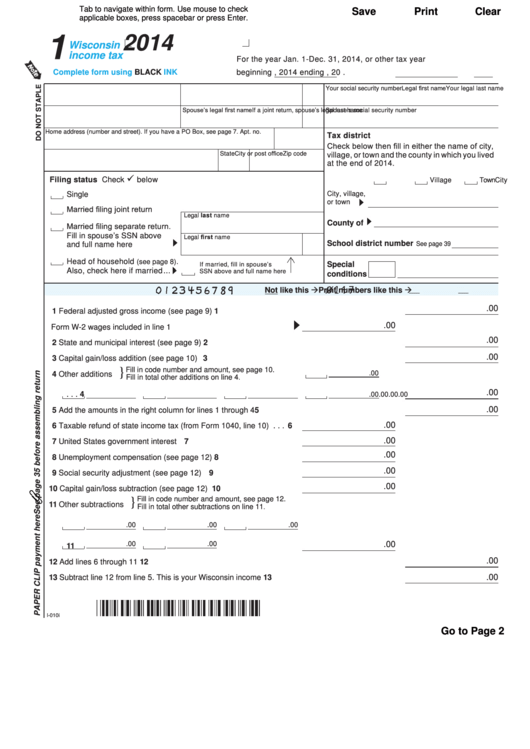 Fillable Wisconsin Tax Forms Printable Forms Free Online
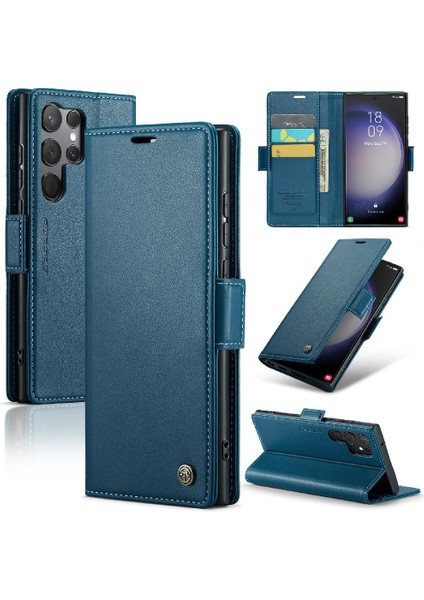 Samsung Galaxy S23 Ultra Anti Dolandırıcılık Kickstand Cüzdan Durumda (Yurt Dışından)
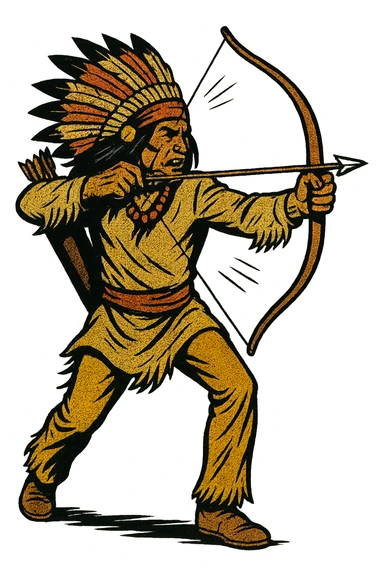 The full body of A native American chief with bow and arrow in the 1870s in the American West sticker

# # # # #

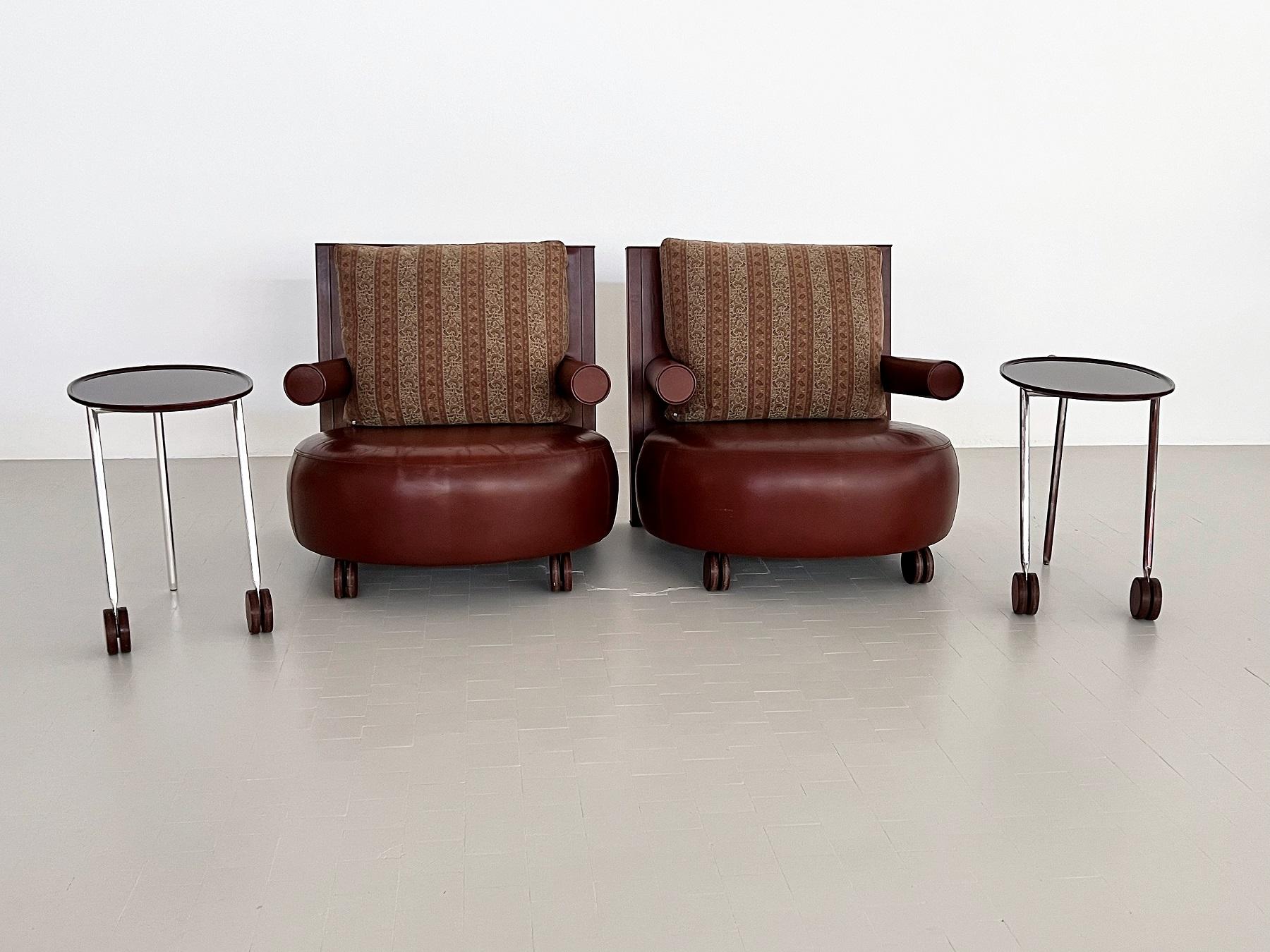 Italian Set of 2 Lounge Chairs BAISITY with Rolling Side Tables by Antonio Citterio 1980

# # # # #

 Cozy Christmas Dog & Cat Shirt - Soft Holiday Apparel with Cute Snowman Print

# # # # #

▶ **TASK TO COMPLETE**
Transcribe only the lines above that start at the line containing "Fillable Wisconsin Tax" and end at the line containing "The full body". Omit pictures.

▶ **COMPLETED EXERCISE**
 Fillable Wisconsin Tax Forms Printable Forms Free Online
 Samsung Galaxy S23 Ultra Anti Dolandırıcılık Kickstand Cüzdan Durumda (Yurt Dışından)
 The full body of A native American chief with bow and arrow in the 1870s in the American West sticker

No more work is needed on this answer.